I was speaking about the context of reducing draw calls for static data, as in not data with per frame changes.  But if there is per frame changes you're right there might be gains to be had by pretransforming skinned or tessellated meshes.  But pretransforming per frame on the gpu will reduce calls depending on how you implement... stream-out or compute shader.  Thats interesting that you had no performance degradation with a matrix index per vertex.  But like you seem to imply the results might differ with more complicated shaders.

##### Share on other sites

BTW @noodleBowl have I been clear enough?  Is there anything you don't understand?

##### Share on other sites
On 7.10.2017 at 3:58 PM, Infinisearch said:

But pretransforming per frame on the gpu will reduce calls depending on how you implement... stream-out or compute shader.

I never considered pretransforming by vertex shader and stream-out. Is it possible to stream out to GPU memory with DX12/VK?

Actually i planned to do it with compute shader but somehow it feels wrong to reimplement tesselation on my own if there is already hardware for that.
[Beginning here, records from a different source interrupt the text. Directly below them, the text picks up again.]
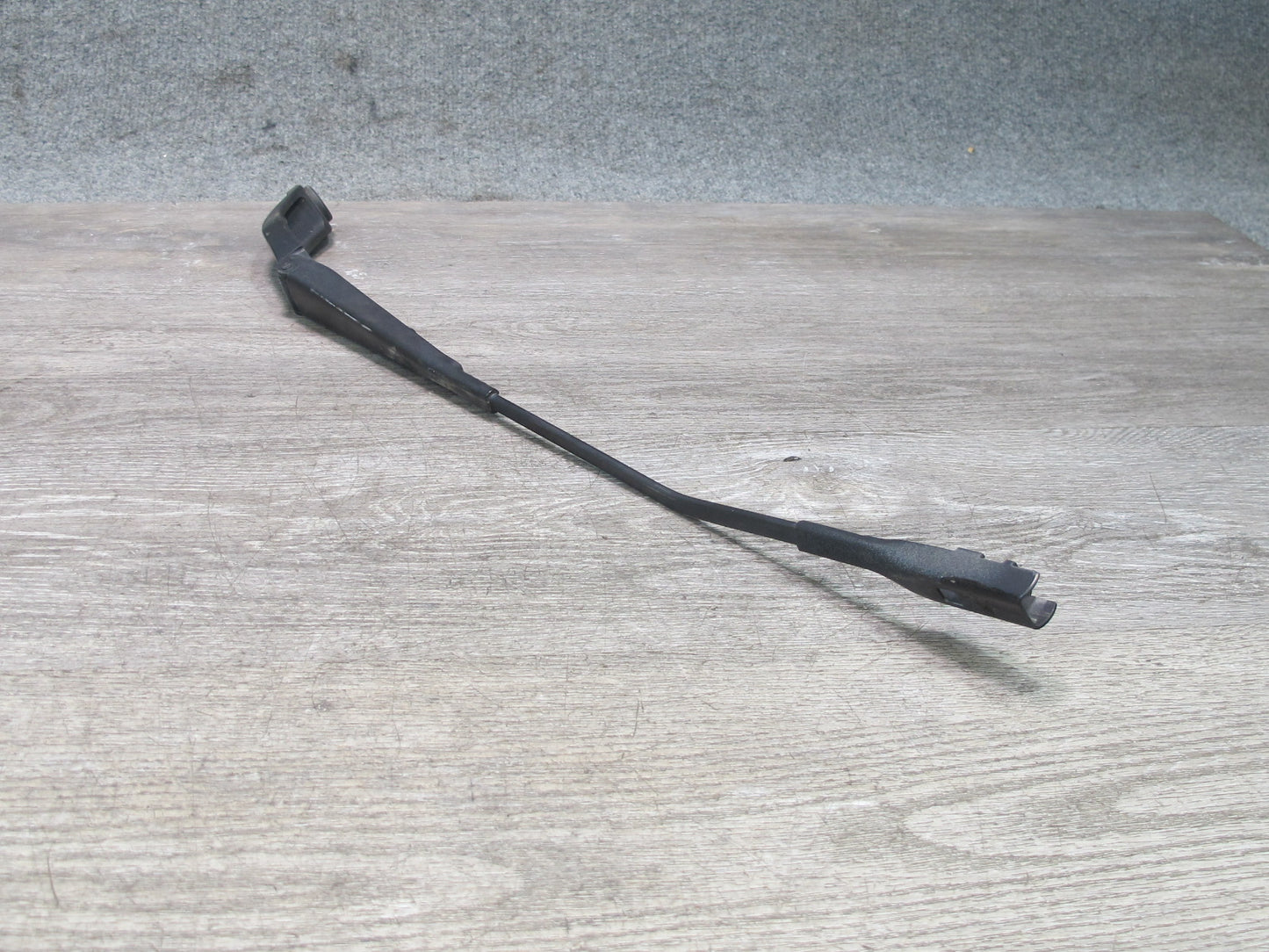 2015-2025 Porsche Macan Front Left & Right Windshield Wiper Arm Set of 2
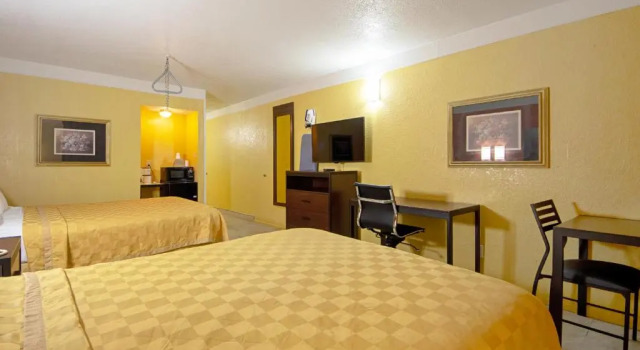 Четырёхместный номер Standard Economy Inn & Suites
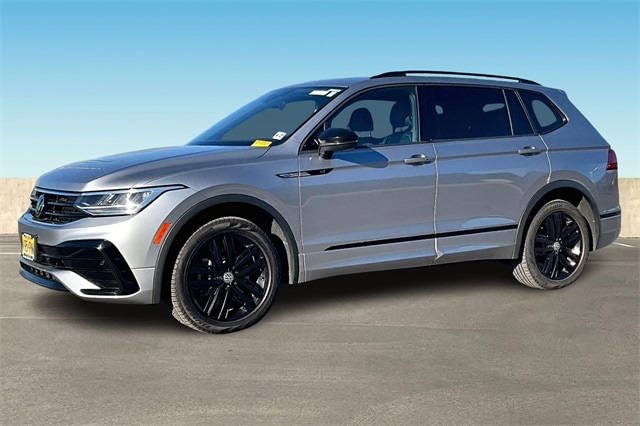 2022 Volkswagen Tiguan SE R-LINE BLACK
On the other side compute seems more flexible than hardware, e.g. if we want catmull clark subivision.

Also, having good compute but weak graphics experience i tend to think: 'geometry and tesselation stages are useless - use compute and pretransform instead.' But then why did AMD spend so much effort to improve those things for Vega?

##### Share on other sites
2 hours ago, JoeJ said:

Is it possible to stream out to GPU memory with DX12/VK?

I've never done it but I don't see why not.

2 hours ago, JoeJ said:

Actually i planned to do it with compute shader but somehow it feels wrong to reimplement tesselation on my own if there is already hardware for that. On the other side compute seems more flexible than hardware, e.g. if we want catmull clark subivision.

I've read like one or two papers where they implement tessellation using the compute shader, and I think they said flexibility was one of the benefits... don't remember much else.  I think the last presentation I posted above (optimizing graphics with compute) has a section on using compute on tessellation.

3 hours ago, JoeJ said:

Also, having good compute but weak graphics experience i tend to think: 'geometry and tesselation stages are useless - use compute and pretransform instead.' But then why did AMD spend so much effort to improve those things for Vega?

I don't have any tessellation experience and have kept away from it on purpose.  IIRC Vega hasn't really improved tessellation performance that much and Nvidia still kicks their butt in it. (at least with high tessellation factors)

3 hours ago, JoeJ said:

Well like I said I have no experience with tessellation but again like I said earlier IIRC there were a few papers I read that seemed to implement it using compute.  The only thing I can definitively say is that implementing through the graphics pipeline with take up draw calls, doing it through compute will have a performance advantage over FF on hardware with lots of compute units but this advantage might be lost because instead of the expanded vertices's being stored in the cache they'd go through memory.

Maybe someone with more experience can chime in.

##### Share on other sites

I've worked on some games recently where we pre-transformed skinned meshes on the CPU. It's not ideal or a typical way to do things, but we did have spare CPU cycles available and were struggling for every GPU cycle we could find, so there was no reason for us to move that logic from the CPU to a compute shader.

5 hours ago, JoeJ said:

Is it possible to stream out to GPU memory with DX12/VK?

It's possible in DX10/GL, and DX12/VK haven't lost the ability

5 hours ago, JoeJ said:

But then why did AMD spend so much effort to improve those things for Vega?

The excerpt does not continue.